Le Ministère de la Cohésion des territoires vient de lancer un plan « Initiative Copropriétés » pour intervenir, de façon accélérée, par la rénovation/restructuration, sur les copropriétés en difficulté.

Il s’agit d’une politique publique inédite et ambitieuse qui mobilise plus de 3 Mds€ sur 10 ans pour lutter contre les propriétés dégradées où vivent plus de 50 000 familles aujourd’hui.

La France compte encore 674 copropriétés en difficulté, soit près de 56 000 logements. 128 copropriétés sont considérées comme très dégradées soit 23 330 logements.

Certaines de ces copropriétés voient leur situation s’aggraver et les conditions de vies de leurs habitants se dégrader.

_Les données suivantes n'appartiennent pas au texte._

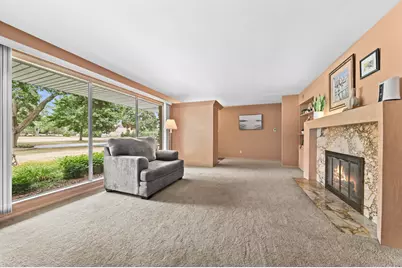 9515 W Hadley St, Milwaukee, WI 53222 - Photo 7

Un plan opérationnel, territorialisé et concerté avec les élus

« Initiative Copropriétés » est une démarche partenariale qui associe l’Etat et les collectivités locales. Les opérateurs locaux (établissements publics fonciers, établissements publics d’aménagement, bailleurs, sociétés d’economie mixte et sociétés publiques locales) seront aussi associés.

Il s’agit d’apporter les moyens de lutter efficacement contre les copropriétés dégradées. Un suivi très régulier sera fait avec des chefs de projets nommés et un comité de suivi qui se réunira tous les 3 mois avec l’Etat, les élus locaux et les partenaires.

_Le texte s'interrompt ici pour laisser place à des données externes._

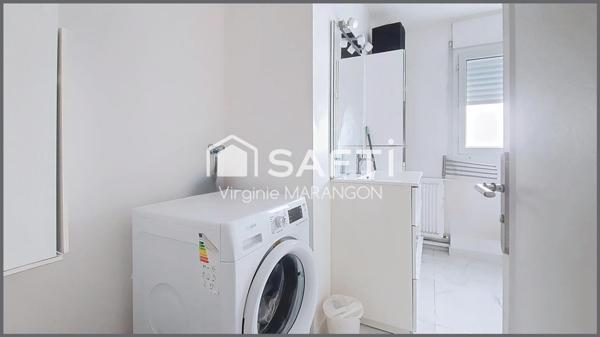 F3 lumineux rénové avec balcon, parking et cave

Les collectivités seront accompagnées pour agir autour de 3 piliers : transformer les copropriétés dans le cadre de projets urbains qui permettront de démolir si nécessaire et de reconstituer une offre nouvelle de logements ; redresser les copropriétés qui le nécessitent en facilitant l’acquisition provisoire de logements par des opérateurs publics et en réalisant des travaux de rénovation y compris énergétique, en assainissant la gestion et le fonctionnement de la copropriété ; mettre en place des actions de prévention pour les copropriétés qui présentent des fragilités avérées, afin de leur éviter d’entrer dans d’éventuels processus de dégradation.

Pas moins de 2 Mds€ de l’Anah seront mobilisés pour notamment financer le portage provisoire de logement, l’ingénierie de projet (comme dans Cœur de Ville), le financement des travaux d’urgence et des dispositifs nouveaux : la création d’un dispositif de financement du déficit d’opérations à hauteur de 80 %, une aide à la gestion urbaine de proximité et une prime « copropriété » pour bonifier les aides aux travaux proposées par la collectivité.

En parallèle, 500 M€ de l’Anru serviront à accompagner notamment le financement de la transformation des copropriétés situées dans les projets d’aménagement des sites du nouveau plan national de rénovation urbaine (NPNRU) en complément des financements apportés sur les autres actions.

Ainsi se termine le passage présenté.